A critical idea is that, once an experiment is complete, you or another ILABS person should be able to run your analysis script once, from scratch, for all subjects, and end up with all of the basic preprocessed files (evoked, epochs, inverse, etc.) you will need for your downstream scripts used for publication (stats, etc.).
To achieve mnefun
’s reproducibility goal, it is important
not to run your processing script by changing parameters for different
subjects as you process each of them, or by doing steps manually.
Where subject-specific values are needed, we can add functionality to allow
subject-specific values in the script itself, such as proj_nums
(see below).
Note
The one step that might (somewhat routinely) need to be “worked around” is the data fetching step, which requires that the files on the acquisition machine be named properly, which might not always be the case, for example when:
files are named incorrectly (typos, inconsistently) during acquisition
runs are re-executed and saved with a different name (e.g.,
_redo_raw.fif
).
But this should ideally be the exception and not the rule.

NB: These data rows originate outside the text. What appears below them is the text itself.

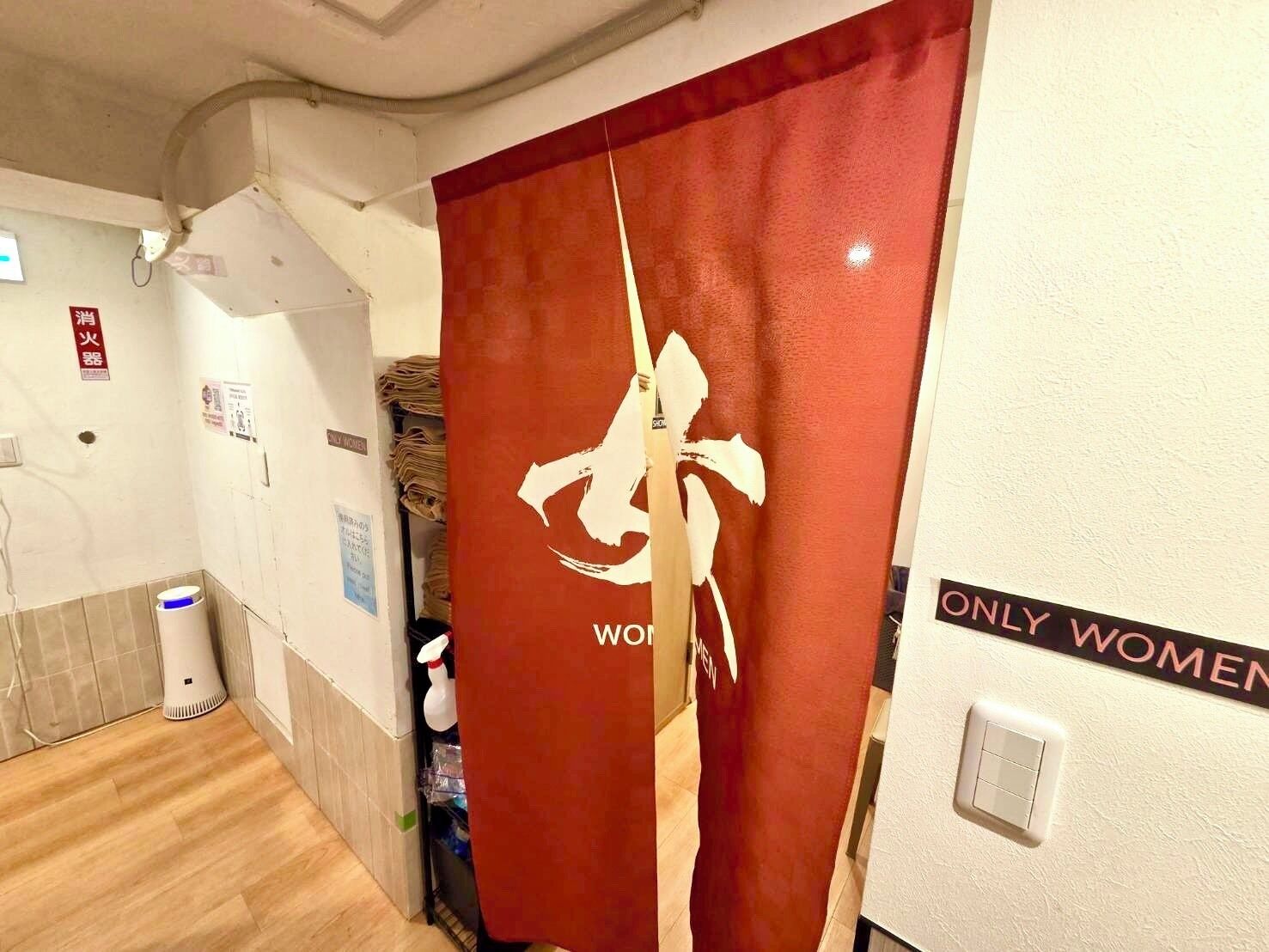 Baño de mujeres con una cortina roja y un letrero que indica que es exclusivo para mujeres.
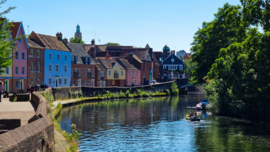 The rvier Wensum in Norwich, Norfolk, England. You can see people on the water in canoes, and the houses by the river are multicoloured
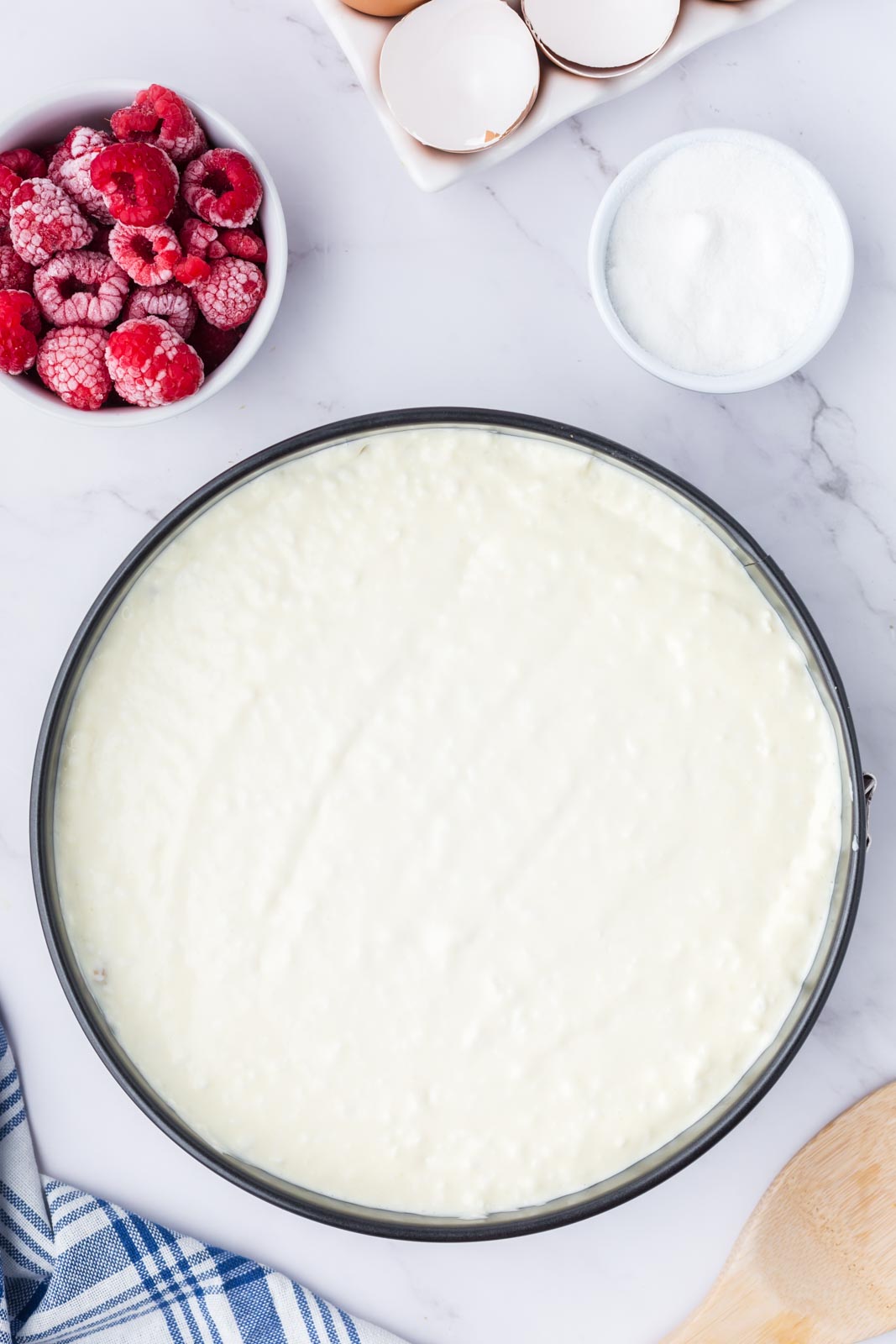 Cheesecake filling in a springform pan ready to be bakes. Frozen raspberries standby.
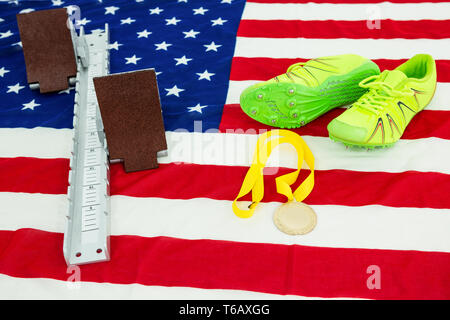 Trainer Schuhe, Startblock und Goldmedaille auf amerikanische Flagge Stockfoto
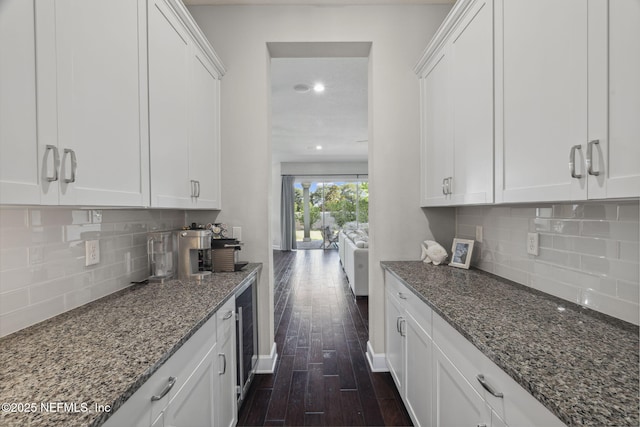 168 Bronson Pkwy, Saint Augustine, FL 32095 - kitchen with dark wood-style flooring, dark stone counters, white cabinets, decorative backsplash, and recessed lighting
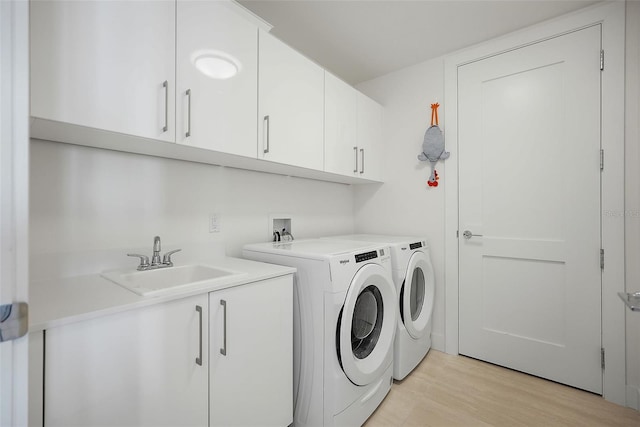 301 1st St S Unit 2305, Saint Petersburg, FL 33701 - clothes washing area with light wood-style floors, washer and clothes dryer, cabinet space, and a sink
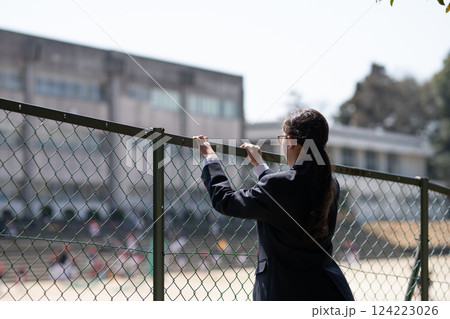 フェンス越しに学校を見る女子生徒 フェンス越しに学校を見る女子生徒 124223026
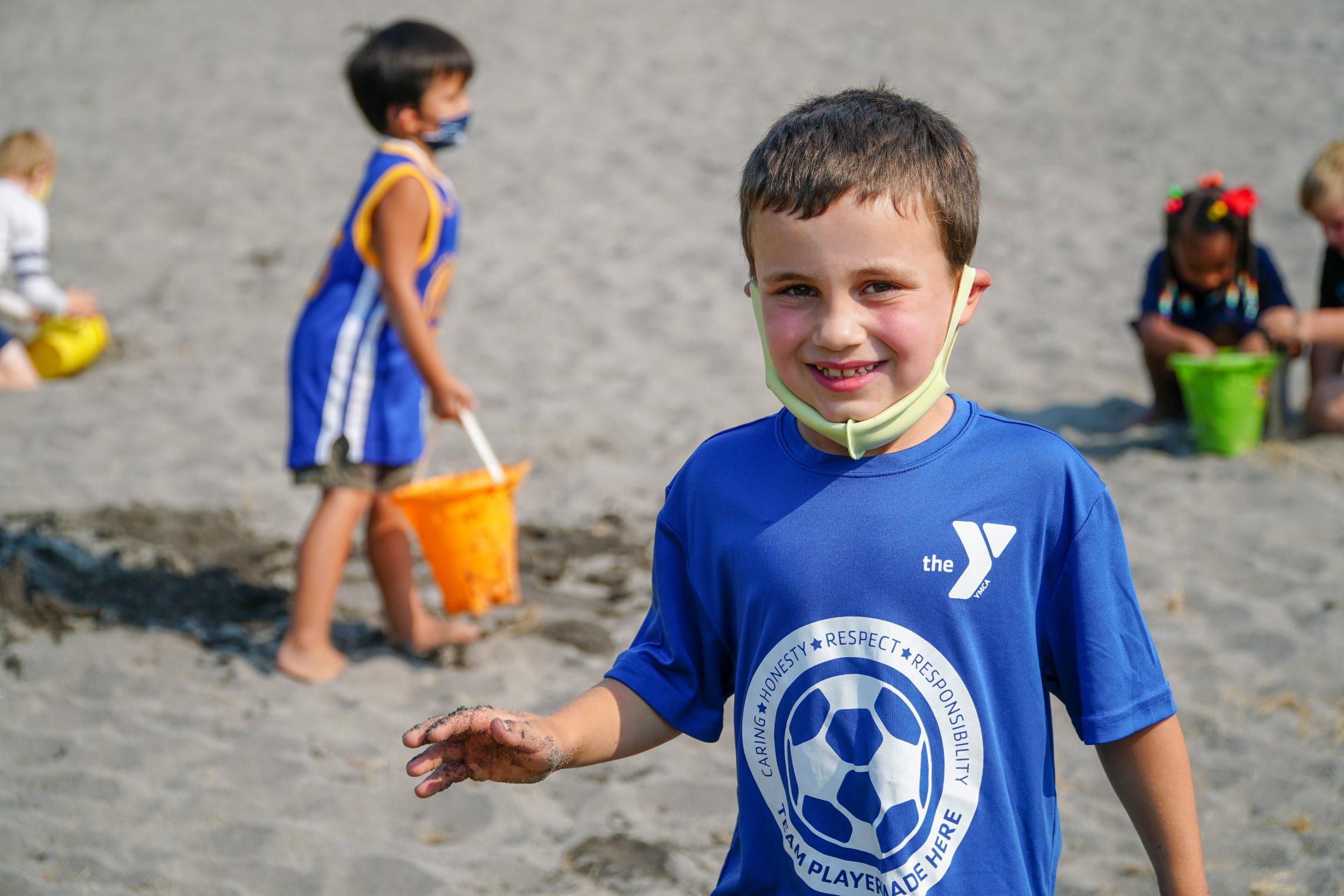 Kids Playing In The Sand At YMCA Summer Day Camp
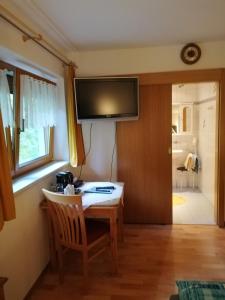 a room with a table and a television on the wall at Haus Georg in Innsbruck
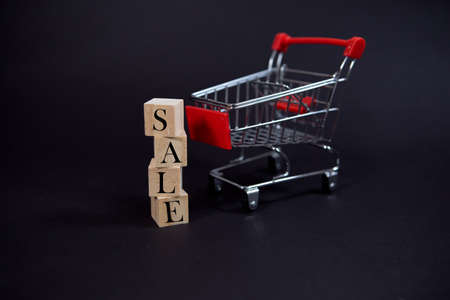 wooden cubes with the inscription - Sale on a black background with a shopping basket, sales concept, business management, crisisの写真素材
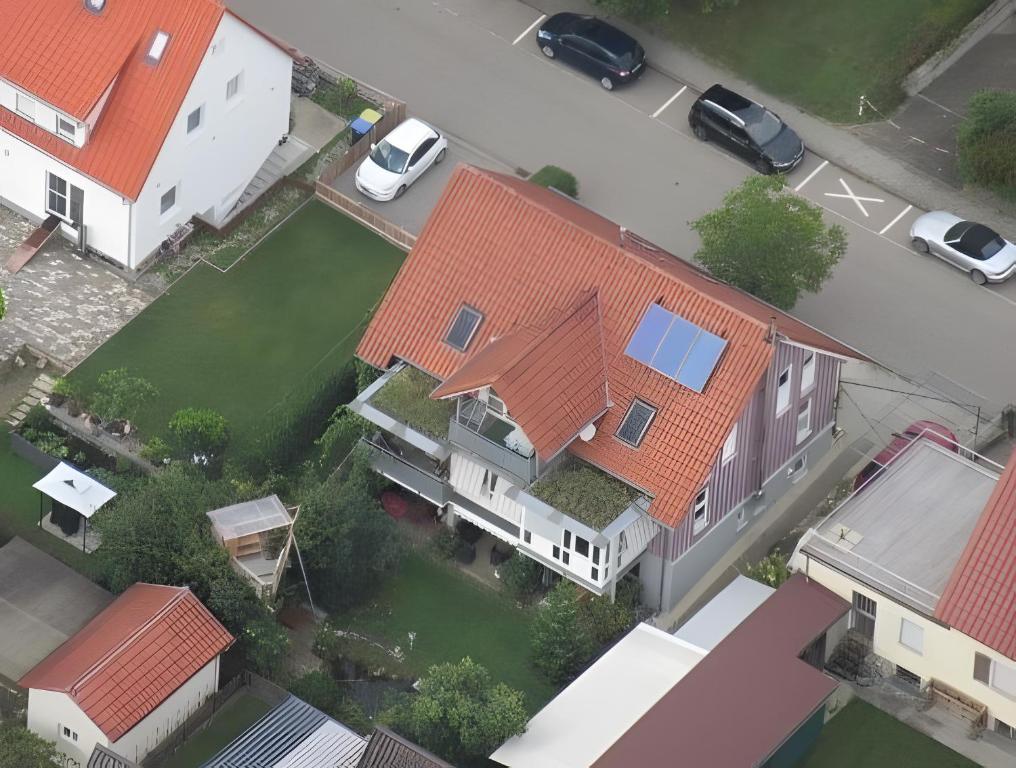an overhead view of a house with red roof at Ferienwohnung Stine in Stetten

Experiment parameters can be specified using a params = Params(...)
call in
a script (old way), or by specifying a YAML script with the experiment
parameters (new way) and using mnefun.read_params()
to load the
parameters. The processing pipeline steps and relationships are given below.
All YAML parameters are described in their appropriate sections.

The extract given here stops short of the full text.